■ **HOW TO COMPLETE THIS TASK**:
What you return must match the records below character for character, except that no picture appears.
** RECORDS FOR THIS EXERCISE follows **
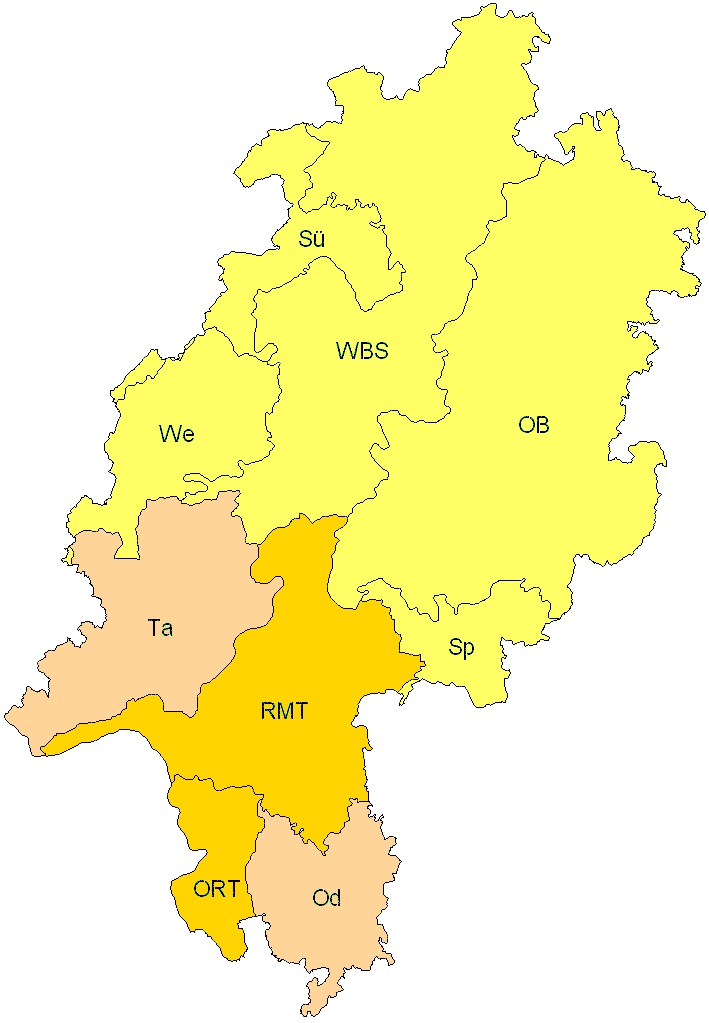 Verbreitung in Hessen Verbreitung in Hessen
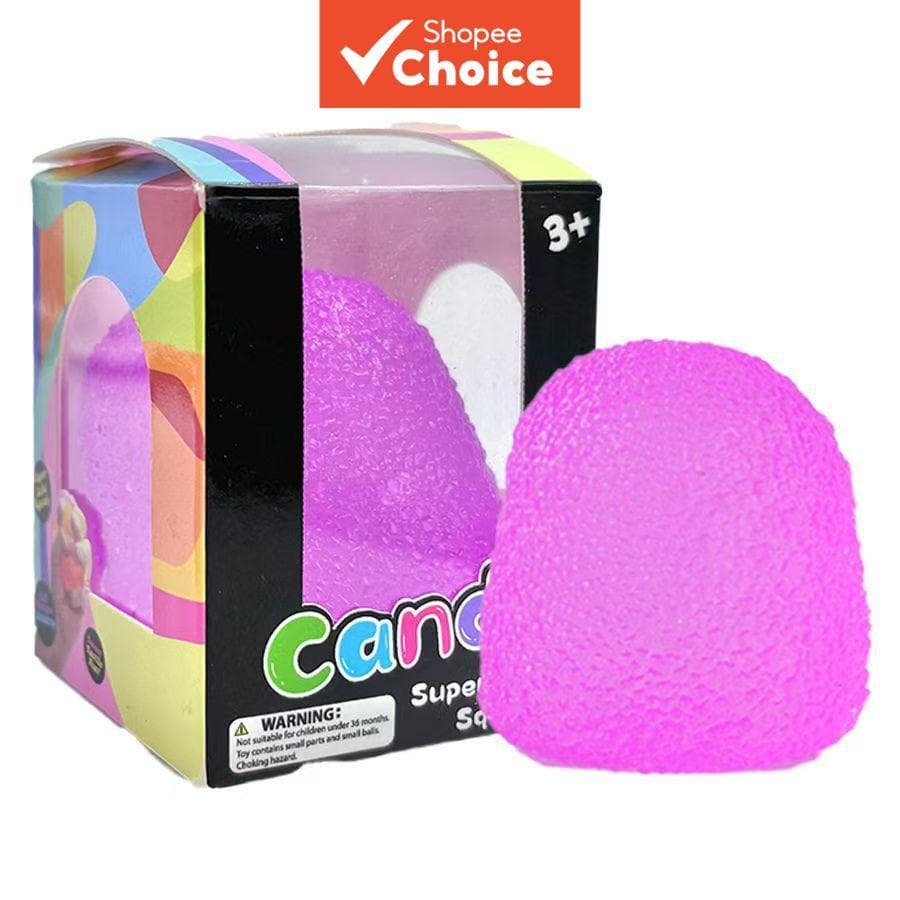 Brinquedos de doces Maltose Pinch & Play para crianças – Esprema, alivie o estresse e a pressão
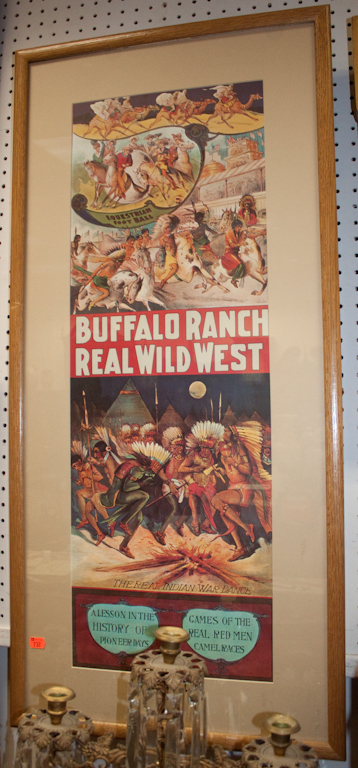 Reproduction print of Wild West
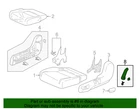 2018-2024 Honda Odyssey Genuine Middle Seat Walk-in Handle Left Mocha Gray Oem New. Price: $177.72.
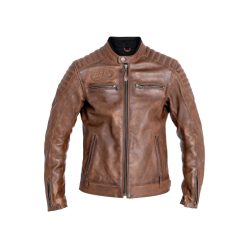 JOHN DOE - DEXTER motoros bőrkabát | Brown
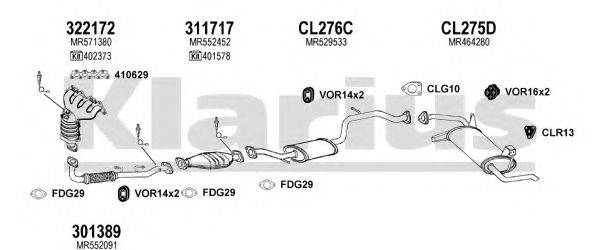 KLARIUS 210195U Система выпуска ОГ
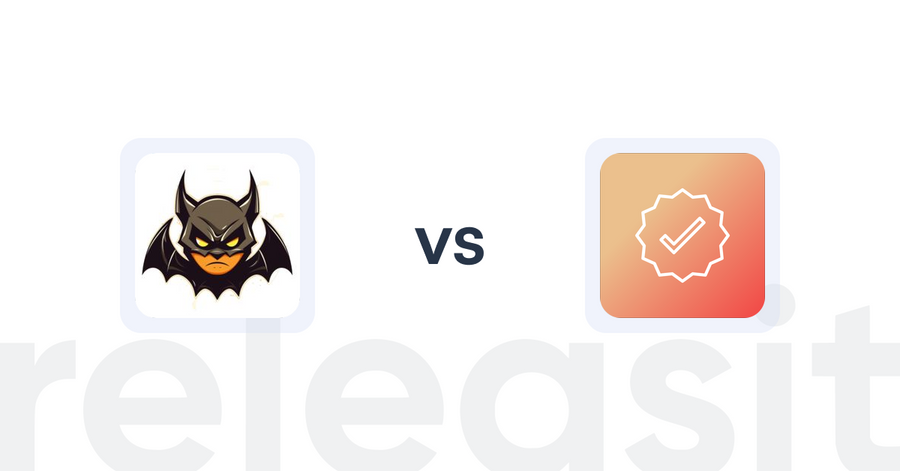 Shopify Upsell and Cross-sell Apps: Frequently Bought Together Bat vs. Mega Verified Product Badges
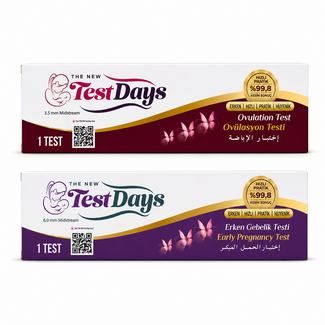 TestDays TestDays Ovulasyon ve Gebelik Testi 1+1 Paket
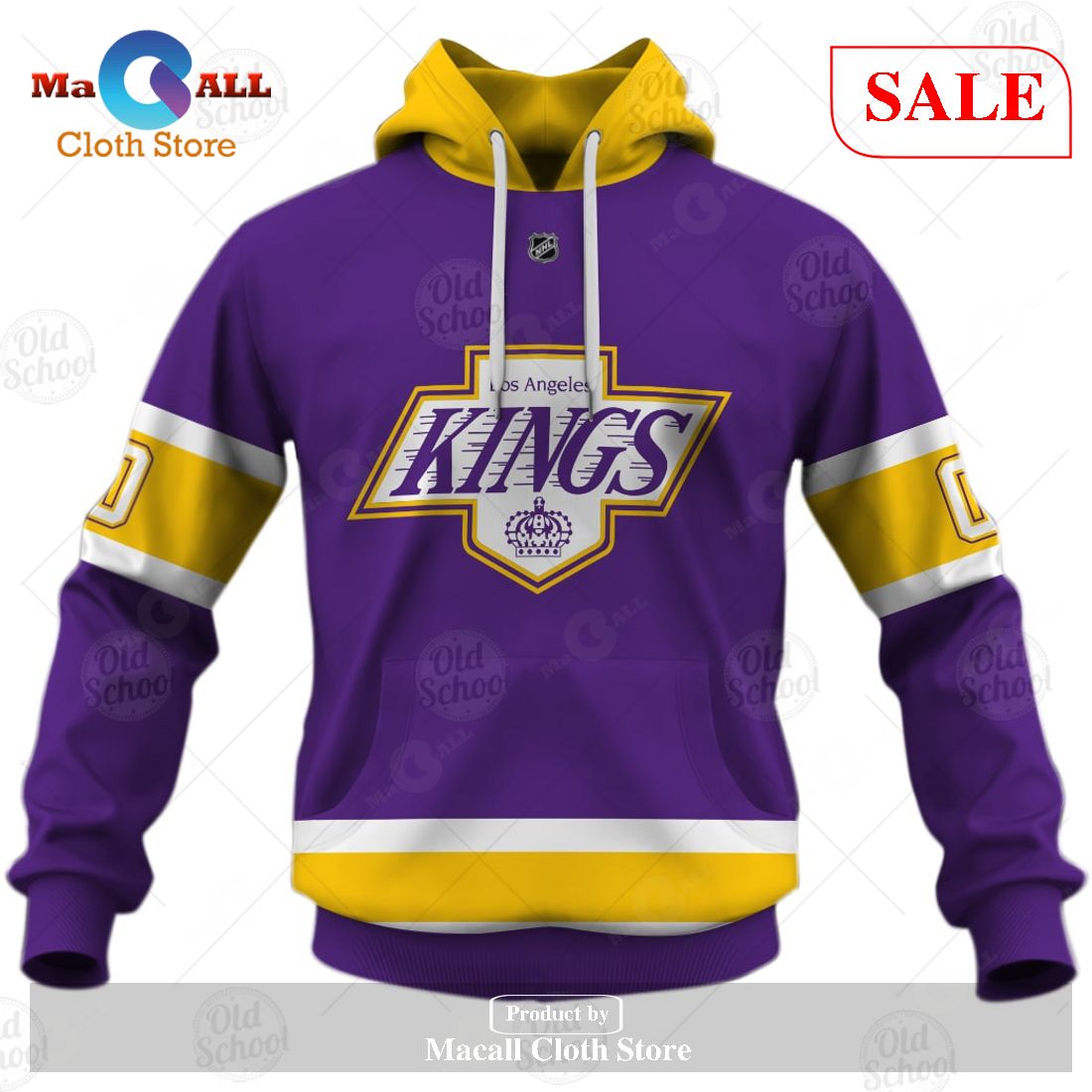 La kings purple and best sale gold jersey for sale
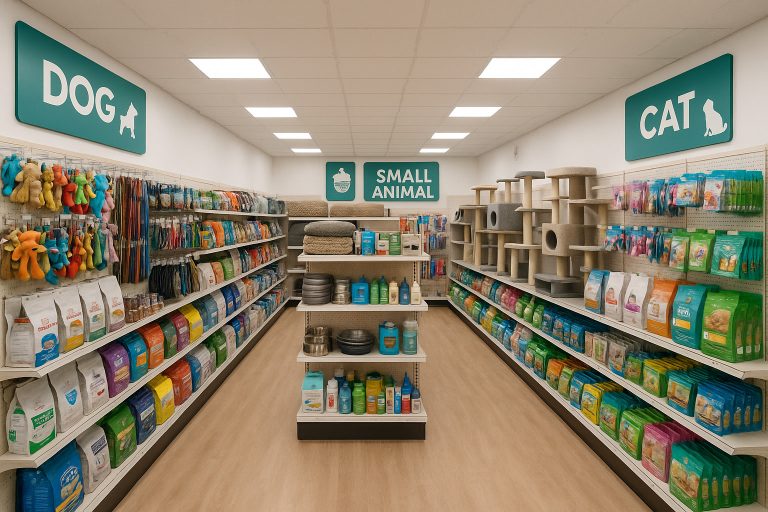 Pet retail store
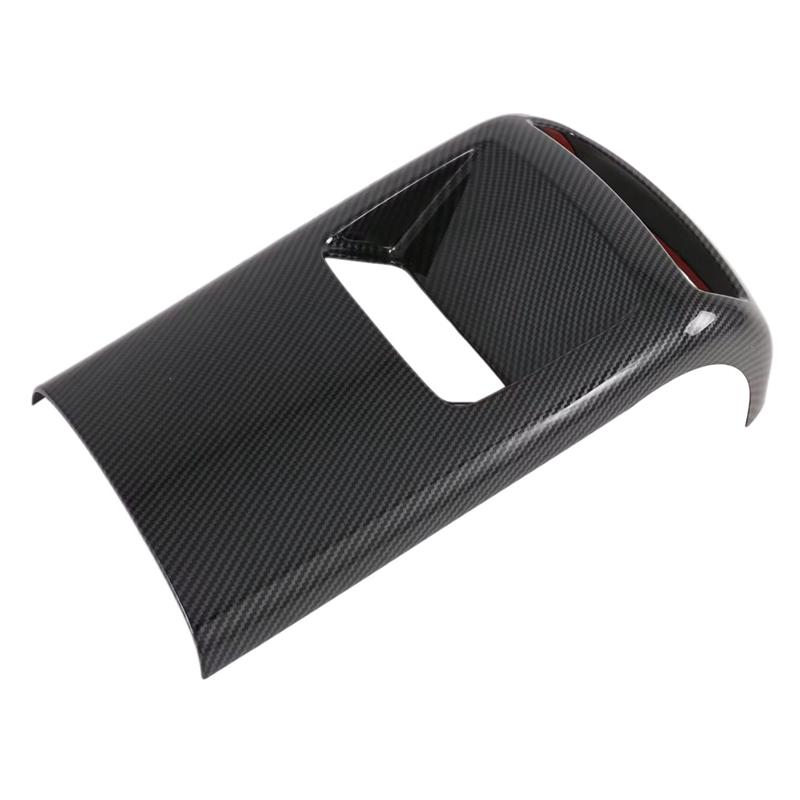 For Hyundai Palisade - Car Rear Air Outlet Panel Cover Trim Sticker Spare Parts Accessories ABS Carbon Fiber Carbon fiber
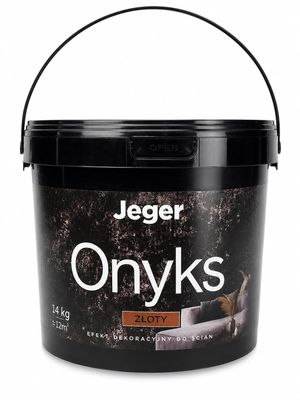 un seau rempli de Jeger Onyx sur fond blanc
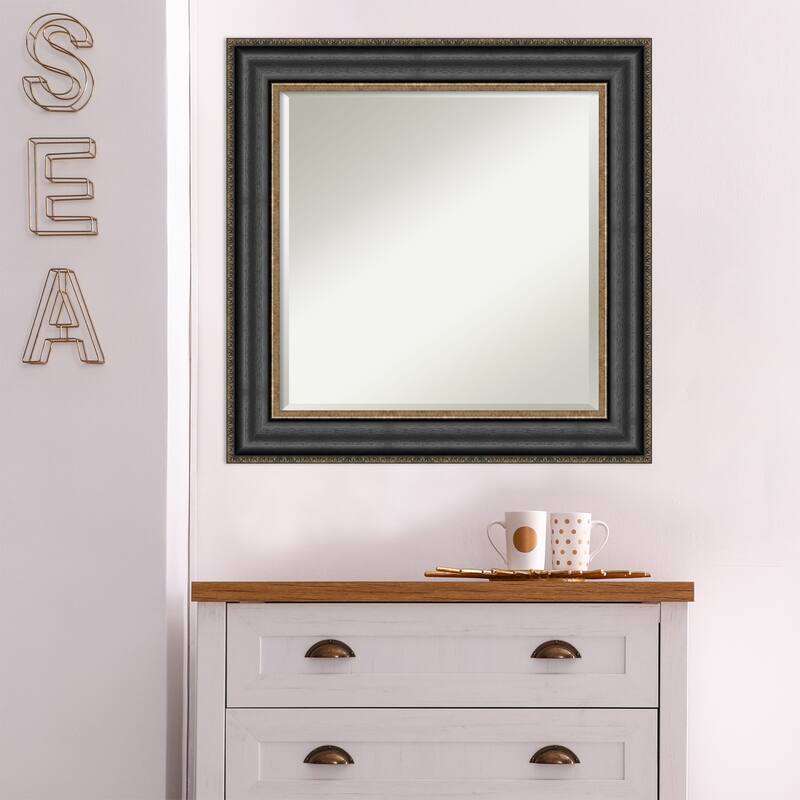Beveled Wall Mirror - Thomas Black Bronze Frame - Thomas Black Bronze
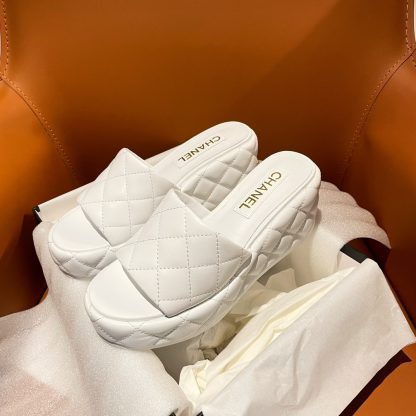 Chanel new white high-heeled sandals, heel height 7.5cm - Image 3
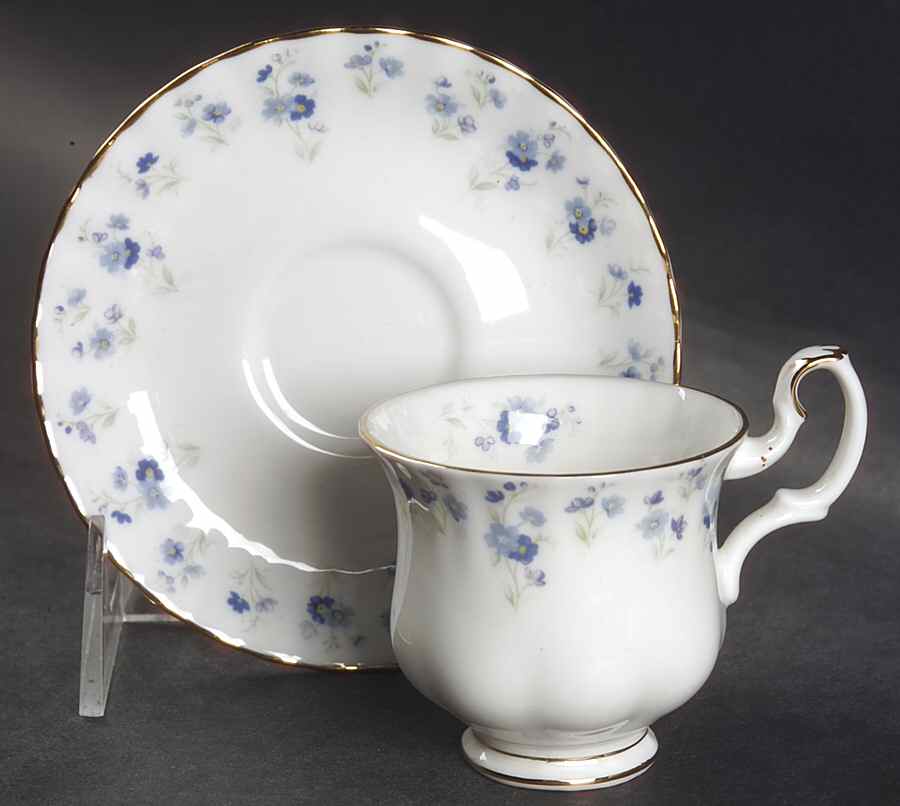 Memory Lane Mocha Cup & Saucer Set by Royal Albert-1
** End of RECORDS FOR THIS EXERCISE **
■ **SOLUTION TO THE PROBLEM**:
 Verbreitung in Hessen Verbreitung in Hessen
 Brinquedos de doces Maltose Pinch & Play para crianças – Esprema, alivie o estresse e a pressão
 Reproduction print of Wild West
 2018-2024 Honda Odyssey Genuine Middle Seat Walk-in Handle Left Mocha Gray Oem New. Price: $177.72.
 JOHN DOE - DEXTER motoros bőrkabát | Brown
 KLARIUS 210195U Система выпуска ОГ
 Shopify Upsell and Cross-sell Apps: Frequently Bought Together Bat vs. Mega Verified Product Badges
 TestDays TestDays Ovulasyon ve Gebelik Testi 1+1 Paket
 La kings purple and best sale gold jersey for sale
 Pet retail store
 For Hyundai Palisade - Car Rear Air Outlet Panel Cover Trim Sticker Spare Parts Accessories ABS Carbon Fiber Carbon fiber
 un seau rempli de Jeger Onyx sur fond blanc
Beveled Wall Mirror - Thomas Black Bronze Frame - Thomas Black Bronze
 Chanel new white high-heeled sandals, heel height 7.5cm - Image 3
 Memory Lane Mocha Cup & Saucer Set by Royal Albert-1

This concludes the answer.